On May Day, the Chicago Teachers Union, with the full cooperation of Chicago Public Schools, bused students from dozens of elementary, middle, and high schools to an anti-Trump, anti-ICE rally in Union Park.
Teachers held special “civics” lessons in the morning, then transported students – complete with district-provided bag lunches – to march alongside adult activists.
At Edward K. “Duke” Ellington Elementary School, a sign openly declared: “Organize, agitate, educate must be our war cry.”

Even more disturbing, Chicago Mayor Brandon Johnson actively participated in and publicly supported these widespread May Day protests. The mayor of one of America’s largest cities not only allowed this to happen during school hours – he endorsed it.
This is not leadership. This is using the authority of city government to turn public schools into political mobilization centers. This is not education. This is indoctrination.
Illinois already ranks near the bottom in academic performance. In 2025, only about 53 percent of students in grades 3-8 were proficient in reading, and just 38-39 percent were proficient in math.
In Chicago Public Schools the numbers are even worse. And here in Joliet, where I live and teach, the failure is downright embarrassing. According to the 2024 Illinois Report Card, Joliet Public Schools District 86 (PK-8) shows only 10.9 percent proficiency in math and 23 percent in English Language Arts.
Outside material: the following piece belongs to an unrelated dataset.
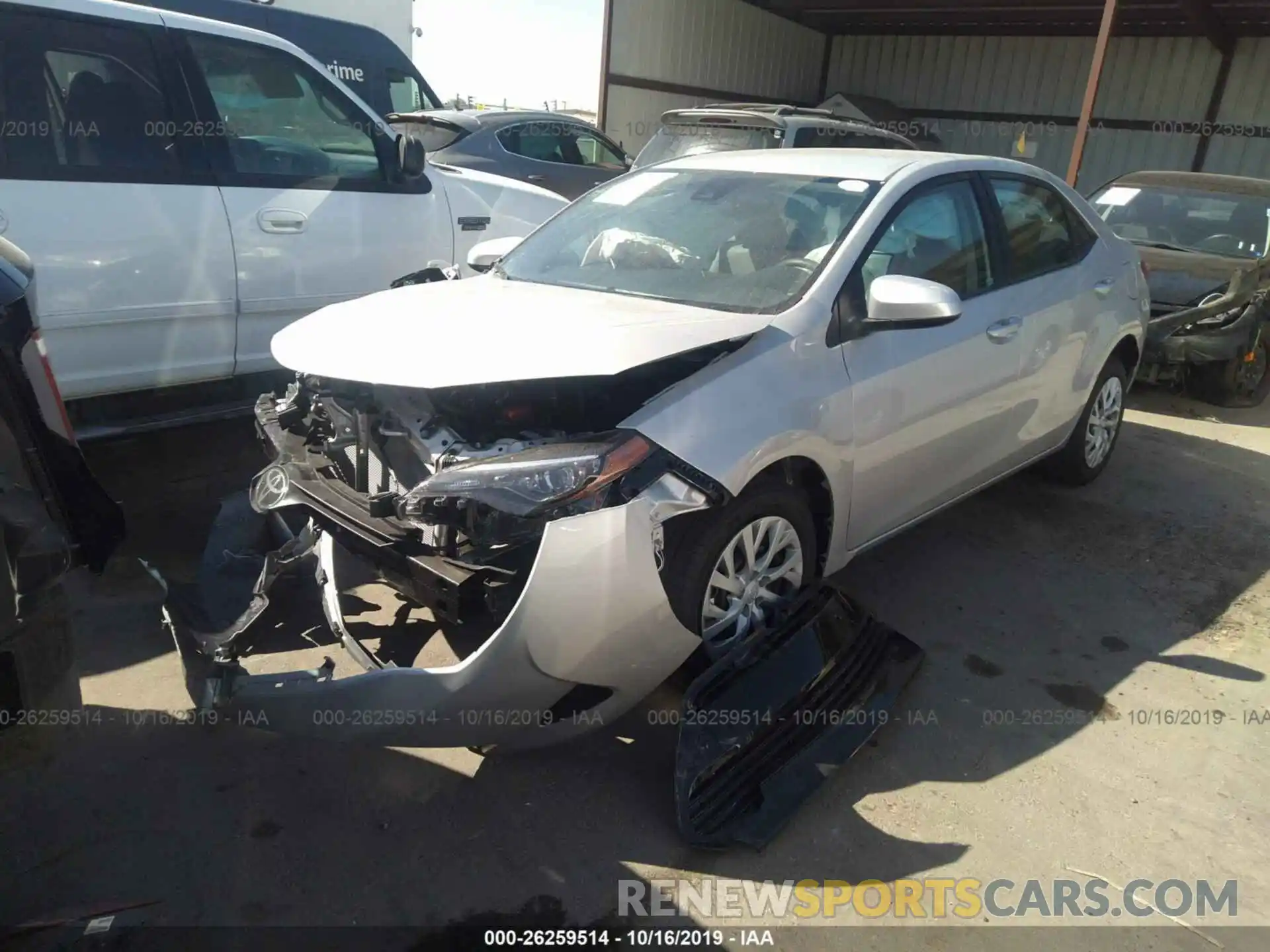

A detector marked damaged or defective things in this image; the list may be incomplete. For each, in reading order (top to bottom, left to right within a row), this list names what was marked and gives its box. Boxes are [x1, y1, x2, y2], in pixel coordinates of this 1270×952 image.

Reading proficiency hovers around 14-16 percent, and math proficiency is as low as 8-10 percent. At the high school level, Joliet West reports 17.1 percent math and 22.9 percent ELA proficiency, while Central High School is even lower at 7.9 percent math and 11.8 percent ELA.
Yet instead of addressing these dire academic realities, many teachers, union leaders, and now the mayor himself chose to use school time and taxpayer resources to mobilize students for a political protest.
The tactic is unmistakable – and it is not new. In the 1930s, the Nazi regime created the Hitler Youth to systematically indoctrinate an entire generation. Schools were required to teach a state-approved curriculum. Teachers joined the party. After-school programs replaced church, family, and independent thought. Children were taught loyalty to the Führer above all else, drilled in propaganda, and prepared to serve the regime.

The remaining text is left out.